**What to produce:** Transcribe the entries exactly. Omit the pictures.

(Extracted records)
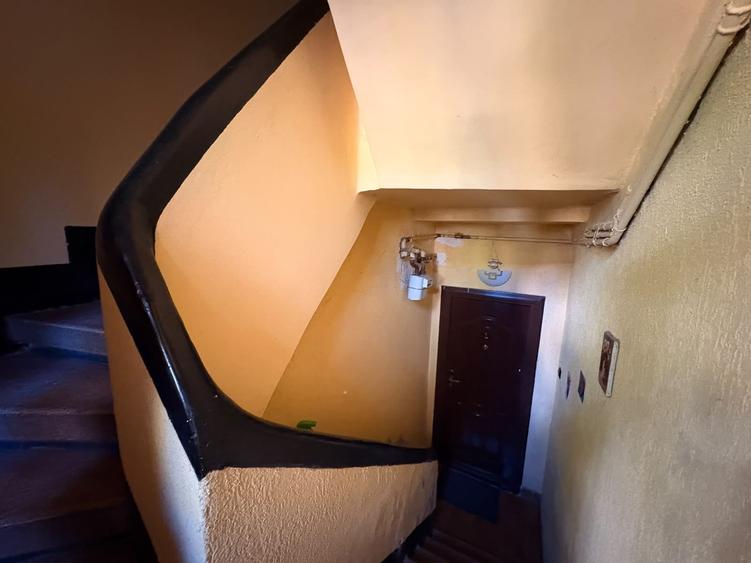 Apartament cu 2 camere circular în Tineretului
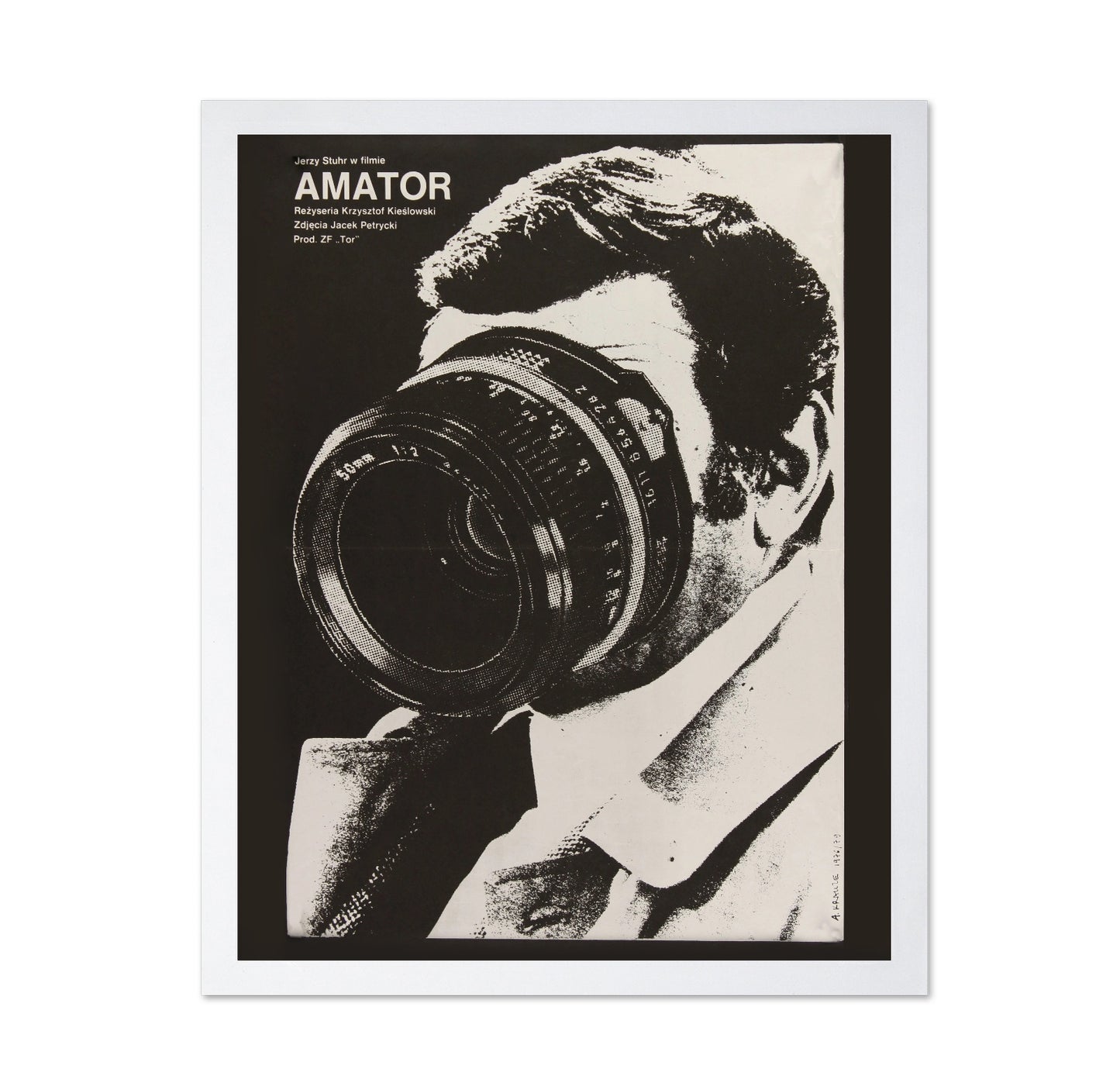 Camera Buff 1979
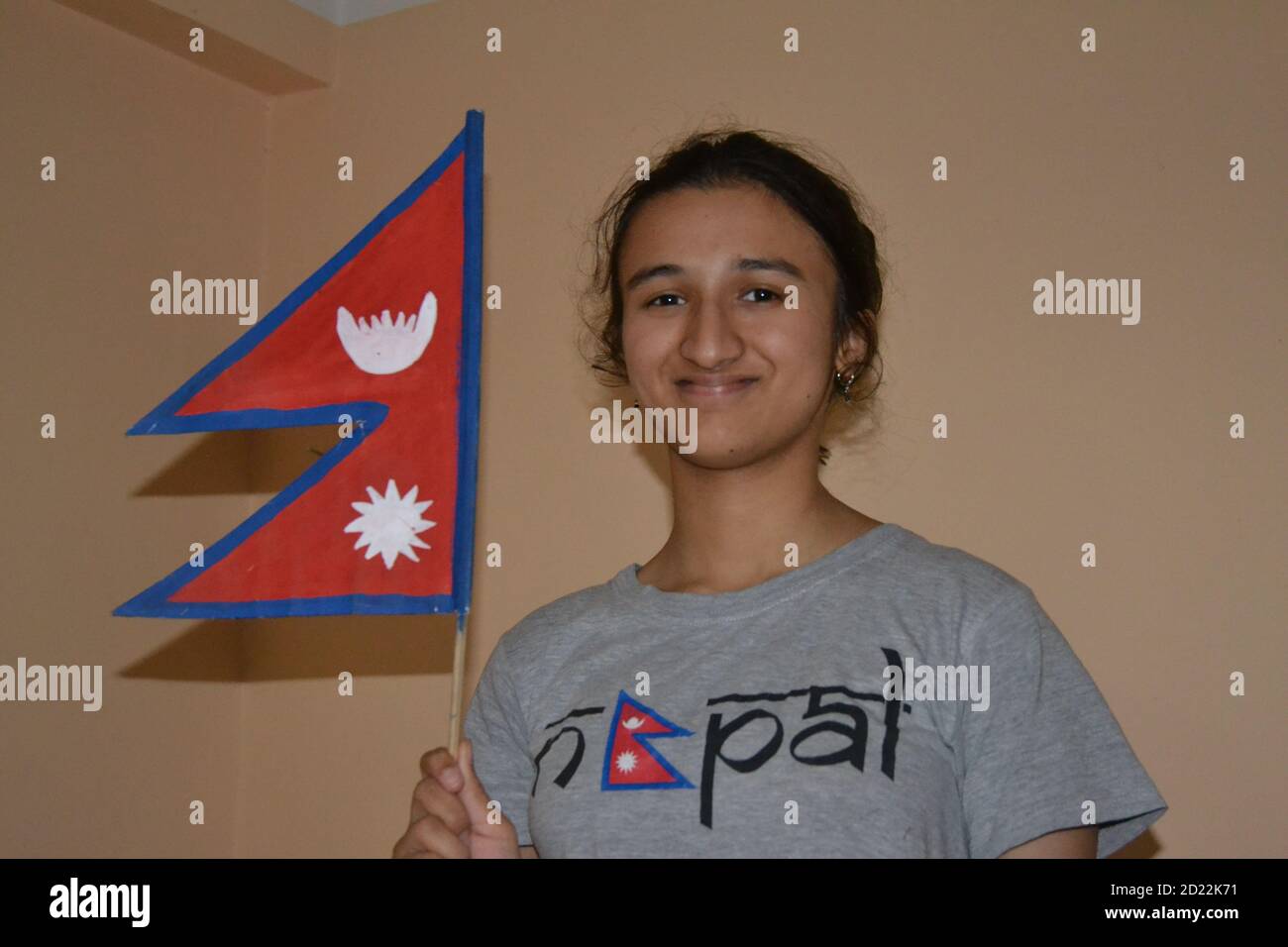 Ein nepalesisches Mädchen mit der Flagge Nepals Stockfoto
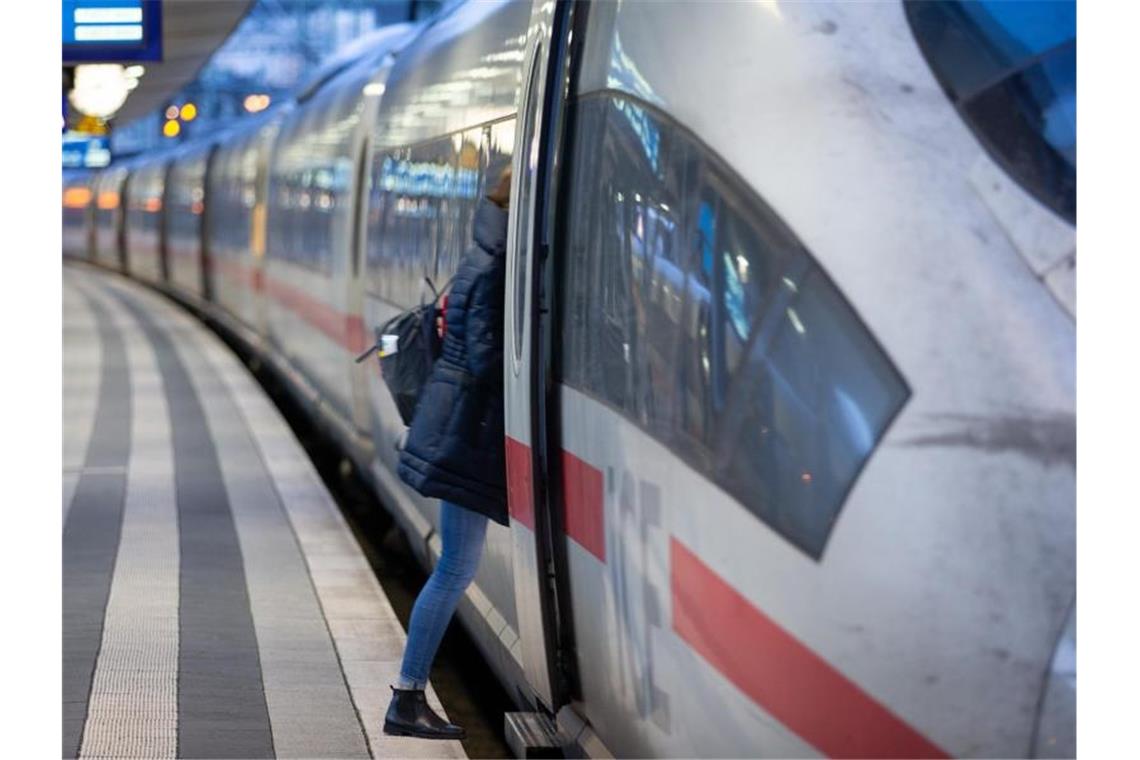 Die Eisenbahn- und Verkehrsgewerkschaft (EVG) plant, ihre Mitgliederzahl offenzulegen. Foto: Friso Gentsch/dpa/Symbolbild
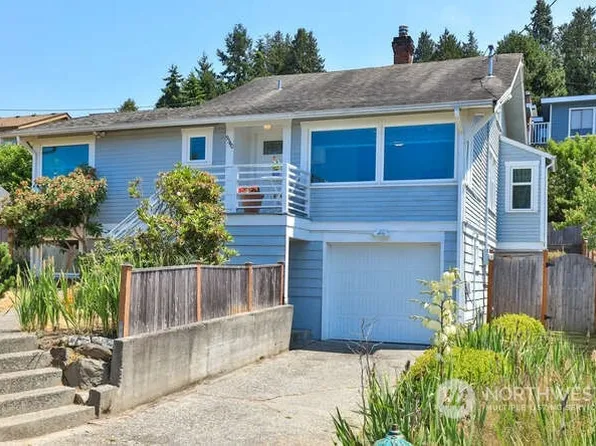 9340 45th Avenue SW, Seattle, WA 98136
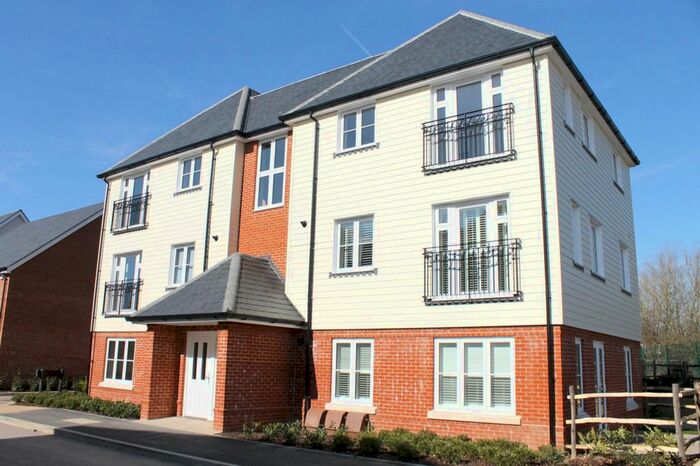 1 Bedroom Flat To Rent In Longhurst Avenue, Horsham RH12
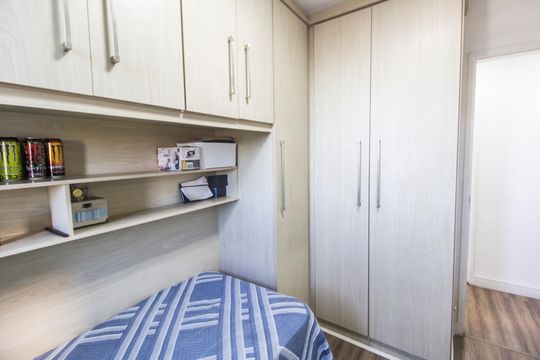 Quarto 2 de apartamento para alugar com 2 quartos, 51m² em Vila Caldas, Carapicuíba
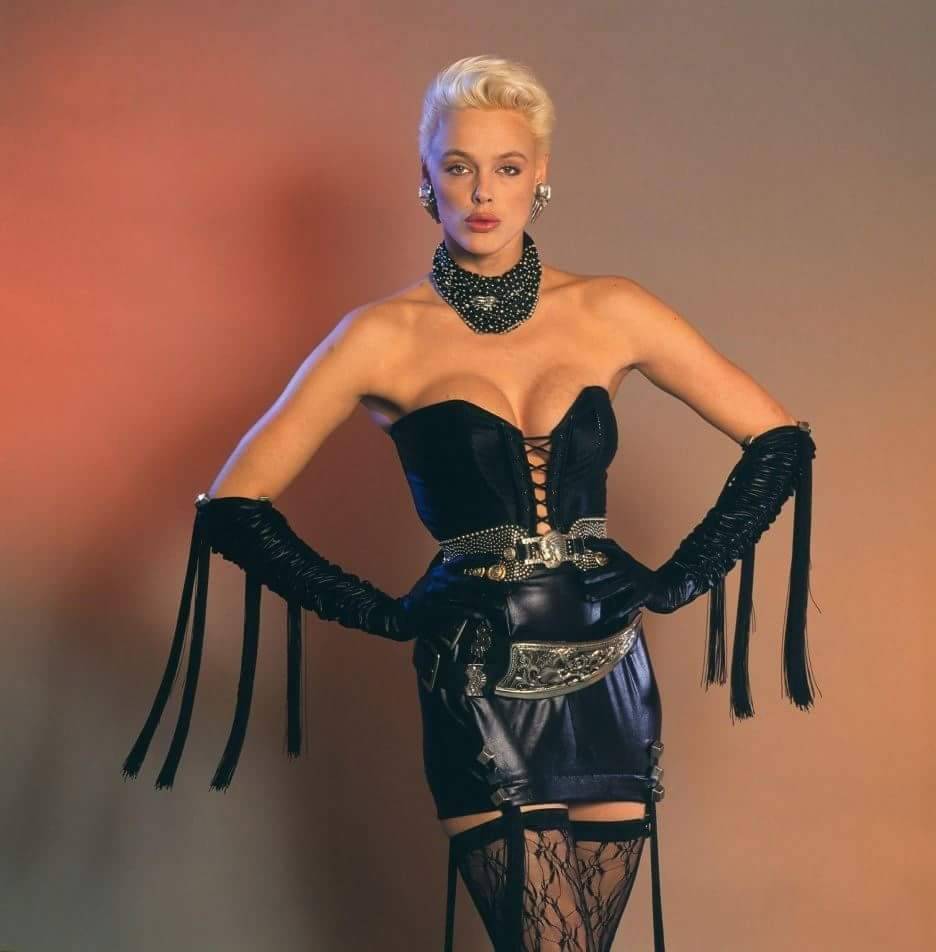 rebus1746:  Brigitte Nielsen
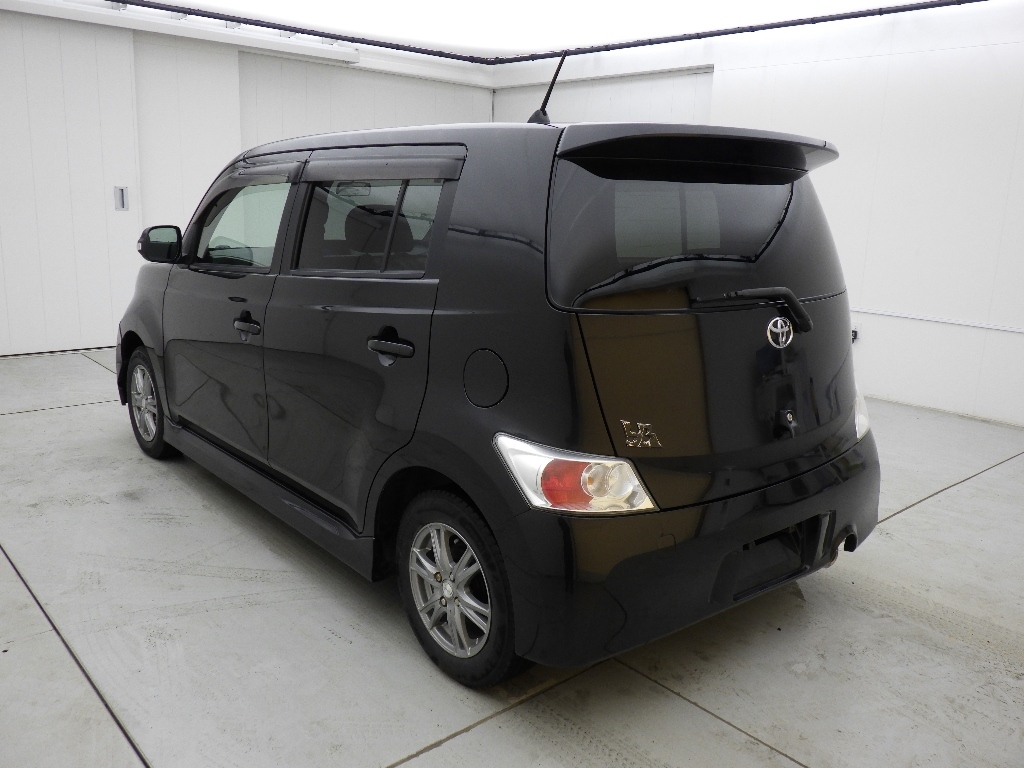 TOYOTA BB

**Answer space:**
 Apartament cu 2 camere circular în Tineretului
 Camera Buff 1979
 Ein nepalesisches Mädchen mit der Flagge Nepals Stockfoto
 Die Eisenbahn- und Verkehrsgewerkschaft (EVG) plant, ihre Mitgliederzahl offenzulegen. Foto: Friso Gentsch/dpa/Symbolbild
 9340 45th Avenue SW, Seattle, WA 98136
 1 Bedroom Flat To Rent In Longhurst Avenue, Horsham RH12
 Quarto 2 de apartamento para alugar com 2 quartos, 51m² em Vila Caldas, Carapicuíba
 rebus1746:  Brigitte Nielsen
 TOYOTA BB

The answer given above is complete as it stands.